Elhadj As Sy, co-chair of the board, wrote, “It is easy to be cynical and think that nothing can change, that inequality, inaction, and division are unavoidable, that the models of the past cannot be exchanged for better ways of working together that benefit all, that we are forever condemned to repeat this cycle of panic and neglect.
“But we must reject pessimism, recognize our common humanity and growing interdependence, and create a global health ecosystem that serves everyone. Together we must move from worlds apart to a world prepared.”
Critical actions
The report identifies six critical actions needed for a safer world. These include
- strengthening global governance through an international agreement on health emergency preparedness and response,
- with sustainable and flexible financing,
- while building a stronger World Health Organization and
- creating an agile and equitable health emergency system.

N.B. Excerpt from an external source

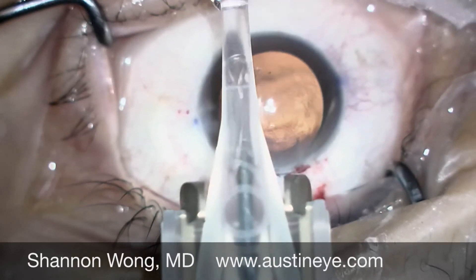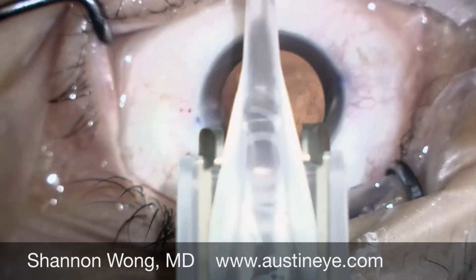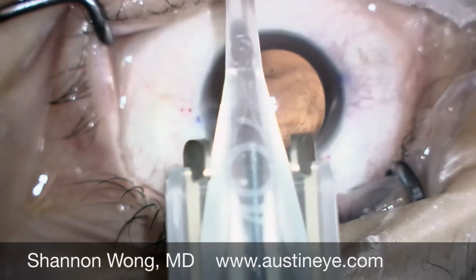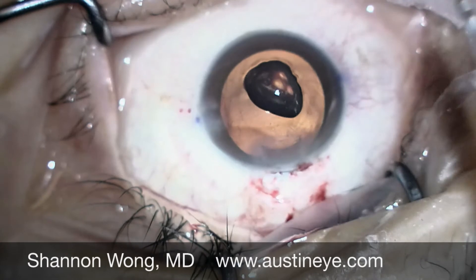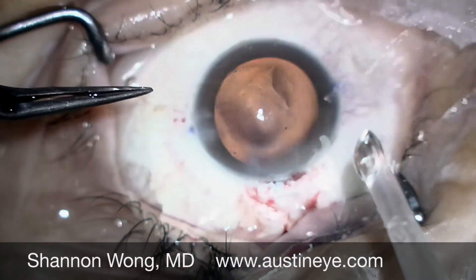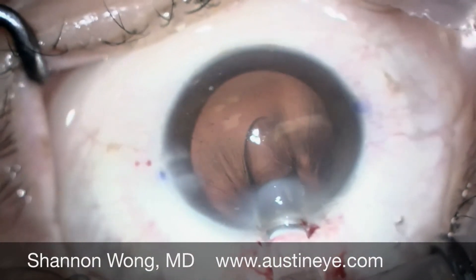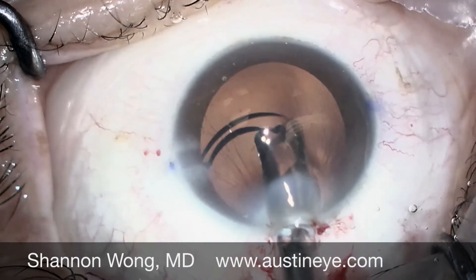So we back out and kind of double clutch, and then make sure that the trailing haptic is captured by the grooved tip of the inserter. Because the entire trailing haptic is now in front of the tip, it is very unlikely that the trailing haptic will become incarcerated into the tip of the insertion cartridge.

These actions must be underpinned by empowering communities, engaging civil society and the private sector, and strengthening independent monitoring and mutual accountability, it says.

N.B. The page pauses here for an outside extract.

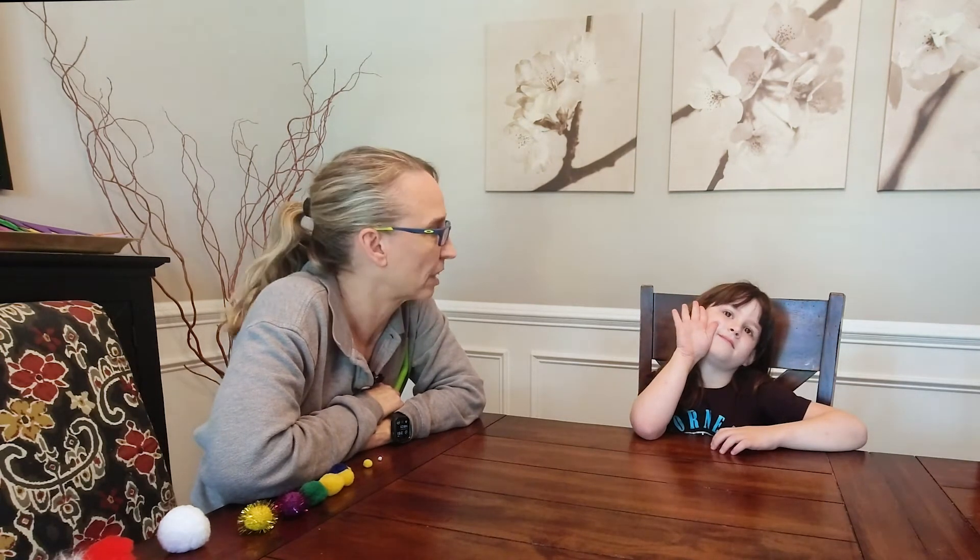Hello. My name is Amy Sturkey. I am a pediatric physical therapist. I'm here with my co-instructor — her name is Violet and she's five years old — and we're working on breathing exercises.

The GPMB said that action should begin with WHO member states
- Agreeing at the World Health Assembly next month on the need to adopt an international agreement and establish a process for taking that forward.
- This should be followed before the end of the year by the UN General Assembly agreeing to convene a summit of heads of state and government, it advised, and the WHO Working Group on Sustainable Financing agreeing a significant increase in the WHO assessed contributions, as recommended by the UK’s Foreign Affairs Committee last month. 2
- An additional financial intermediary fund should be set up within the World Bank to provide additional funding for international preparedness and response, the report says, through a formula based on equity and countries’ ability to pay, supplemented by the private sector.
- Finally, by the end of the year WHO member states should develop terms of reference for research, development, and equitable access to common goods, learning lessons from the inequity of access to vaccines and other goods during the covid-19 pandemic. 3
WHO set a target of vaccinating at least 10% of the population in each country against covid-19 by the end of September 2021, a goal reached by almost 90% of high income countries but not a single low income country.
The report concludes that covid-19 has exposed a broken and divided world in which access to vaccines depends on ability to pay rather than need, where governments, leaders, and institutions are too unaccountable to their populations, and where societies are fragmented, nationalism is growing, and geopolitical tensions are rising.
References
See the original publication.
Originally published at https://www.bmj.com on October 27, 2021.
ORIGINAL PUBLICATION
Cite as:
Global Preparedness Monitoring Board. From worlds apart to a world prepared: GPMB 2021 report. 26 Oct 2021. https://www.gpmb.org/docs/librariesprovider17/default-document-library/gpmb-annual-report-2021.pdf?sfvrsn=44d10dfa_9
Executive Summary
Key messages
The COVID-19 pandemic has exposed a world that is unequal, divided, and unaccountable. The health emergency ecosystem reflects this broken world. It is not fit for purpose and needs major reform.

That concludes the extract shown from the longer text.